=== Records for this exercise ===
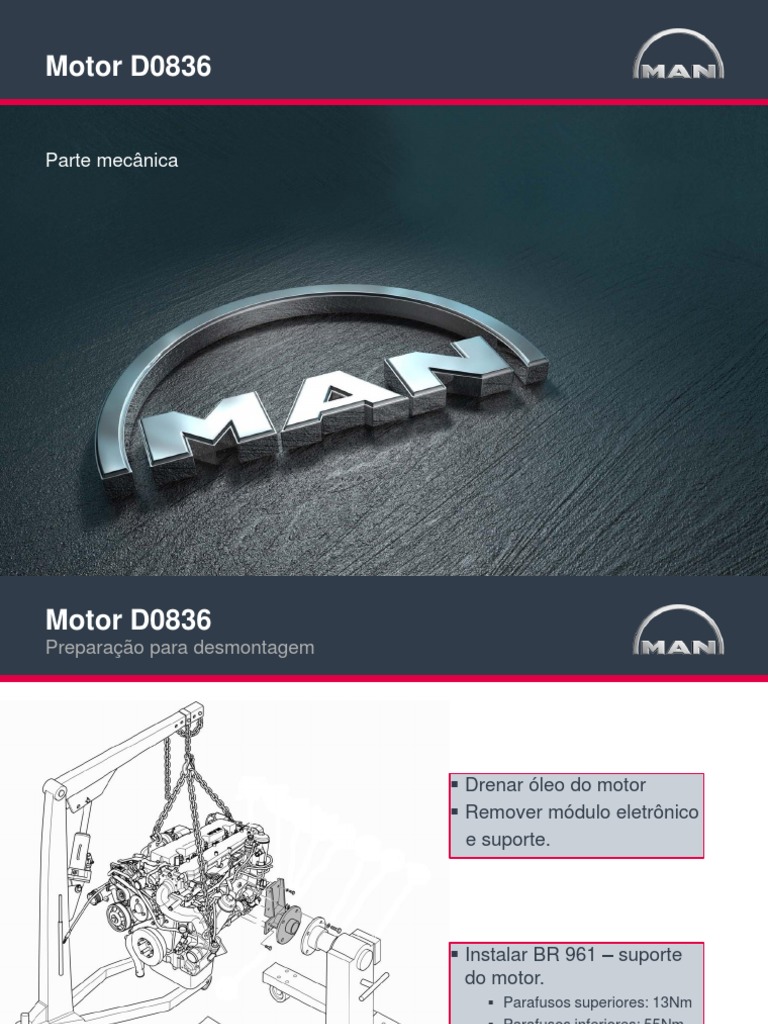 Desmontagem do Motor MAN D0836 | PDF | Pistão | Turbocompressor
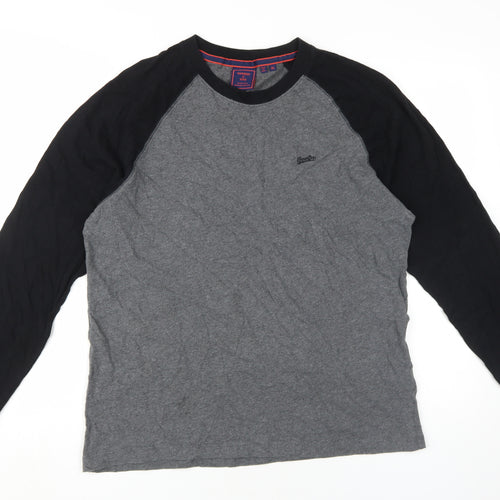 Superdry Men's Grey Black XL Long Sleeve T-Shirt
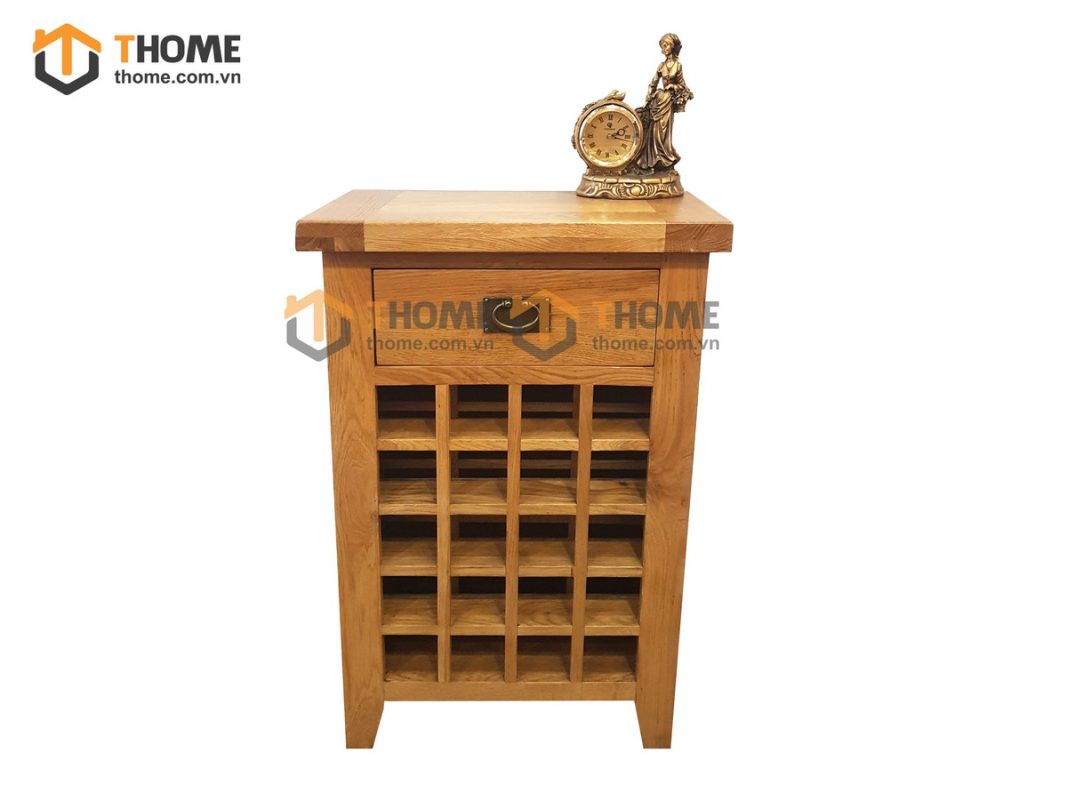 Tủ rượu gỗ sồi tự nhiên 1 hộc kéo 20 ô TR-01SM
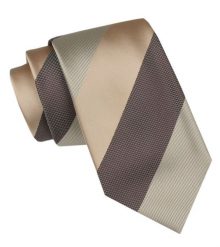 Krawat Męski - Alties - Duże Pasy w Odcienie Beżów. Krawaty i muchy Alties, bez wzorów, z tkaniny. Za 49.00 zł.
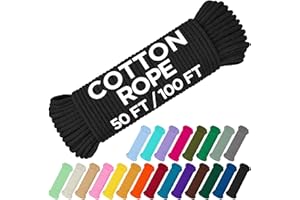 TECEUM Cotton Rope 3/16” (5 mm) – 50 FT – Strong All-Purpose Braided Rope – Natural Cotton – For Crafting, Сamping, Clothes Line, DIY, Indoor & Outdoor Use – Black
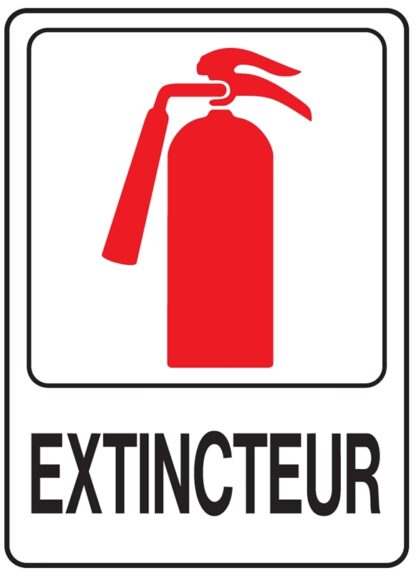 Hy-Ko D-16 Graphic Sign, Fire Extinguisher, Black Legend, Plastic, 5 in W x 7 in H Dimensions Sells in Quantity of 5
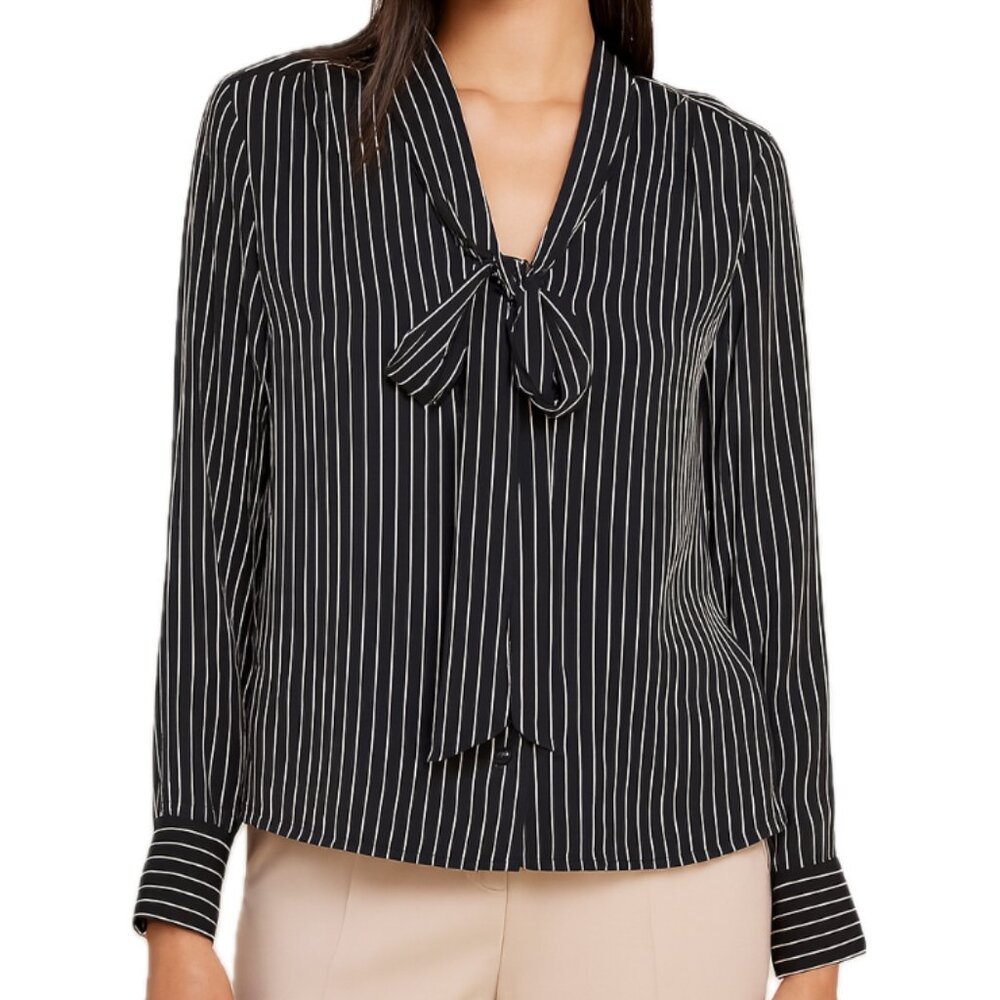 LAUREN Ralph Lauren | 100% Silk Striped Button Down Blouse with Bow | Size 6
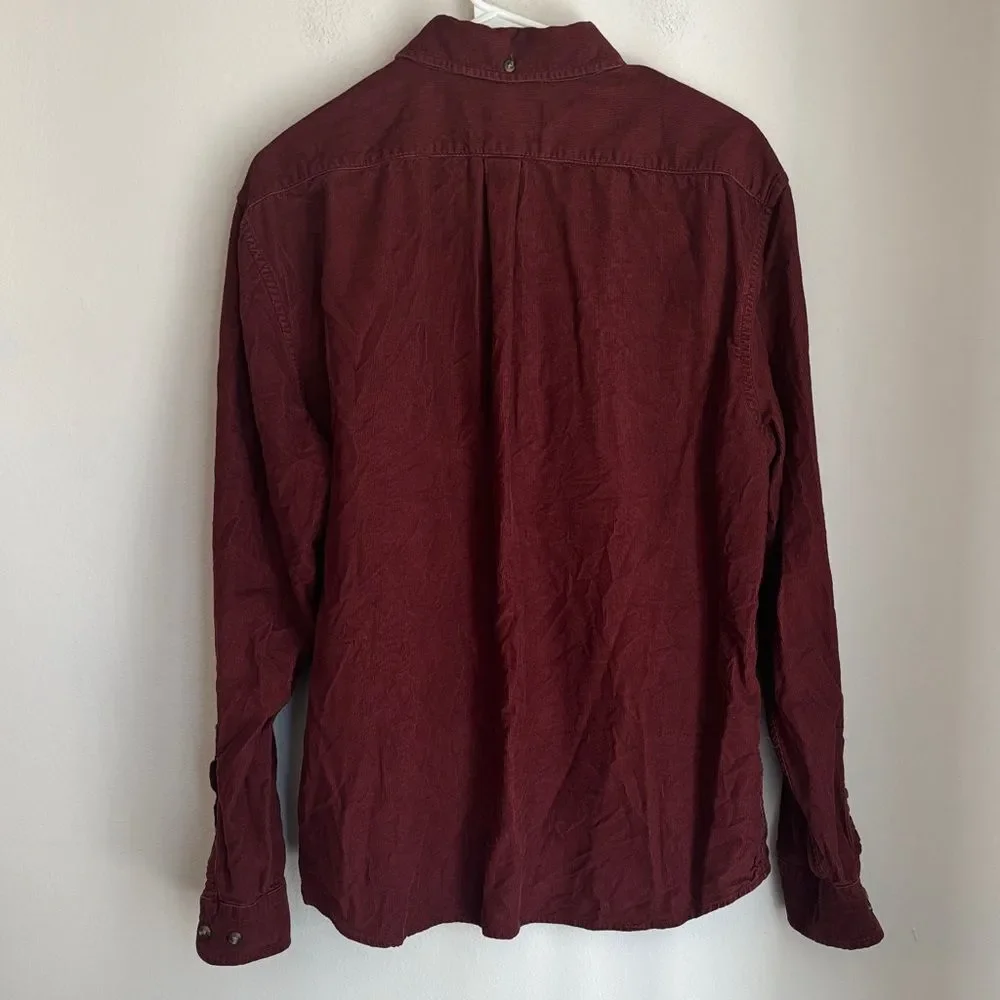 Banana Republic Men's corduroy Button-Down Shirt Deep Wine red long sleeve large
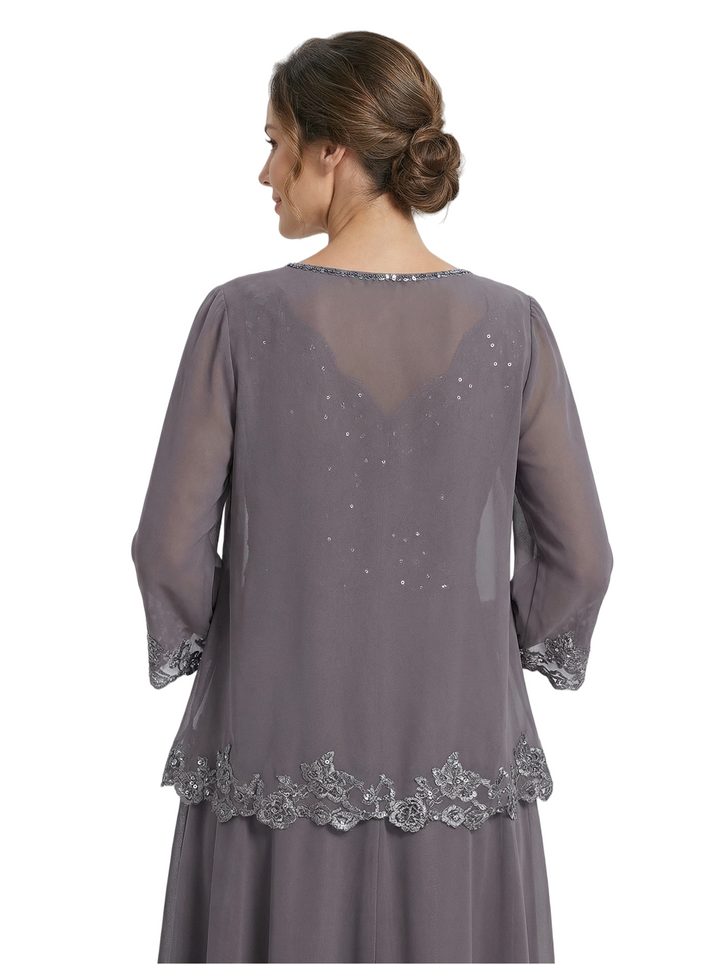 Elegant Lace Chiffon A-Line Mother of The Bride Dresses and Jacket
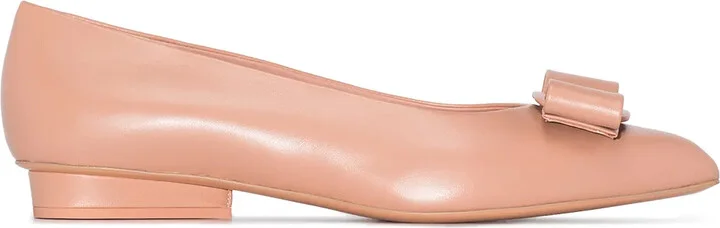 Viva 20mm bow-detail leather pumps
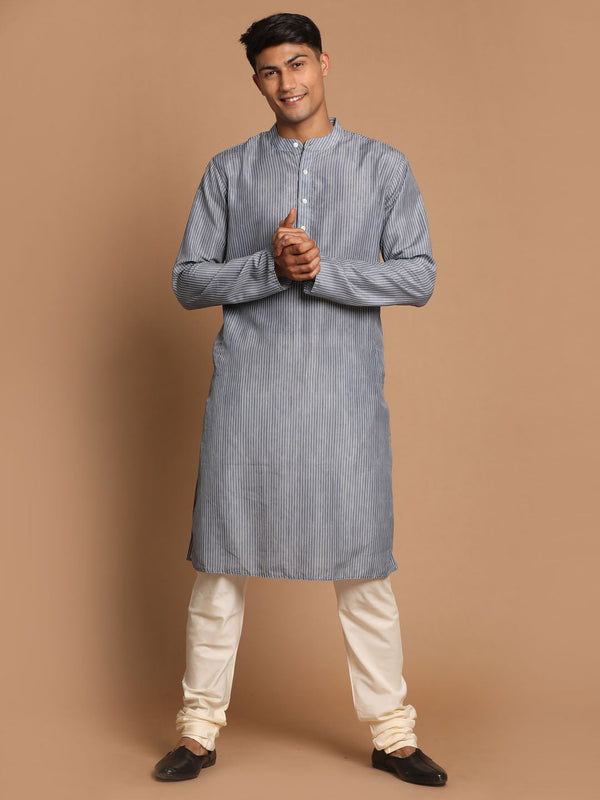 Jashvi Men's Grey Striped Kurta with Cream Pyjamas Set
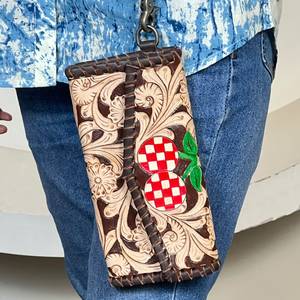 <b>Women</b>’s Handmade Tooled Floral Carved Genuine Leather <b>Women's</b> Clutches Cute Cherry Design Wristlet Evening <b>Card</b> Holder <b>Wallet</b> - Product Image 3
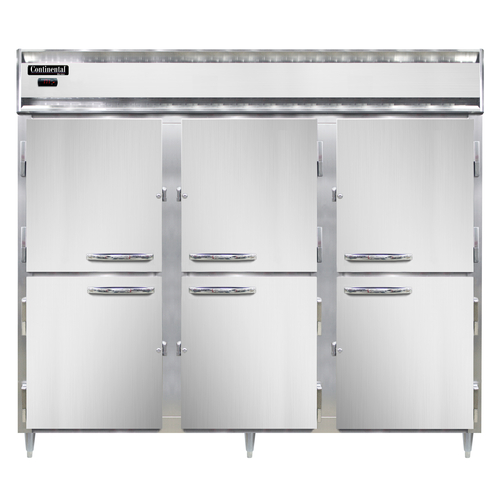 Continental Refrigerator DL3WE-HD Designer Line Heated Cabinet Extra Wide Reach-In Three Section 75 Cu Ft Capacity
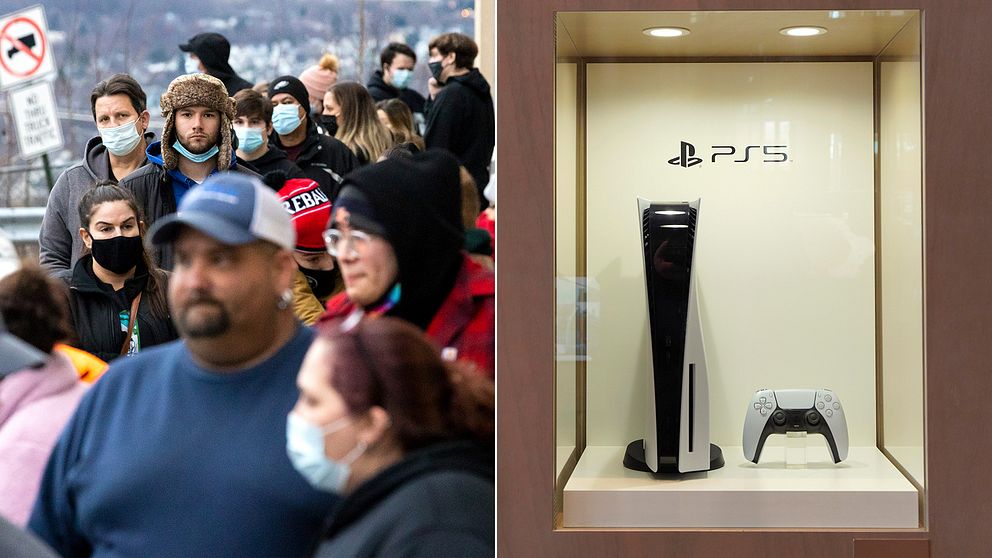 Folk i USA som köade under Black friday i hopp om att köpa ett Playstation 5.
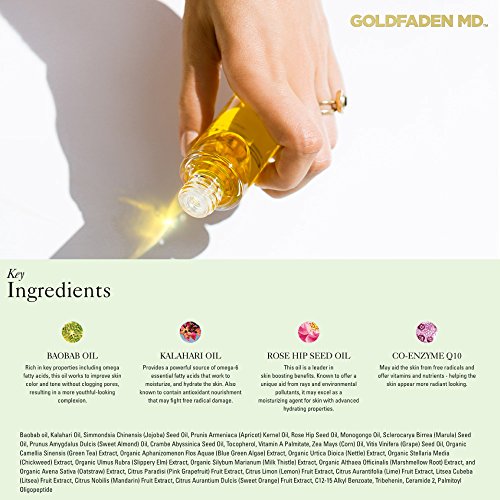 GOLDFADEN MD Face Oil - Boosts Radiance, Hydrates & Fights Environmental Damage - 1oz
===
§ Try it: Copy these entries precisely and drop any picture.

§ Written solution:
 Desmontagem do Motor MAN D0836 | PDF | Pistão | Turbocompressor
 Superdry Men's Grey Black XL Long Sleeve T-Shirt
 Tủ rượu gỗ sồi tự nhiên 1 hộc kéo 20 ô TR-01SM
 Krawat Męski - Alties - Duże Pasy w Odcienie Beżów. Krawaty i muchy Alties, bez wzorów, z tkaniny. Za 49.00 zł.
 TECEUM Cotton Rope 3/16” (5 mm) – 50 FT – Strong All-Purpose Braided Rope – Natural Cotton – For Crafting, Сamping, Clothes Line, DIY, Indoor & Outdoor Use – Black
 Hy-Ko D-16 Graphic Sign, Fire Extinguisher, Black Legend, Plastic, 5 in W x 7 in H Dimensions Sells in Quantity of 5
 LAUREN Ralph Lauren | 100% Silk Striped Button Down Blouse with Bow | Size 6
 Banana Republic Men's corduroy Button-Down Shirt Deep Wine red long sleeve large
 Elegant Lace Chiffon A-Line Mother of The Bride Dresses and Jacket
 Viva 20mm bow-detail leather pumps
 Jashvi Men's Grey Striped Kurta with Cream Pyjamas Set
 <b>Women</b>’s Handmade Tooled Floral Carved Genuine Leather <b>Women's</b> Clutches Cute Cherry Design Wristlet Evening <b>Card</b> Holder <b>Wallet</b> - Product Image 3
 Continental Refrigerator DL3WE-HD Designer Line Heated Cabinet Extra Wide Reach-In Three Section 75 Cu Ft Capacity
 Folk i USA som köade under Black friday i hopp om att köpa ett Playstation 5.
 GOLDFADEN MD Face Oil - Boosts Radiance, Hydrates & Fights Environmental Damage - 1oz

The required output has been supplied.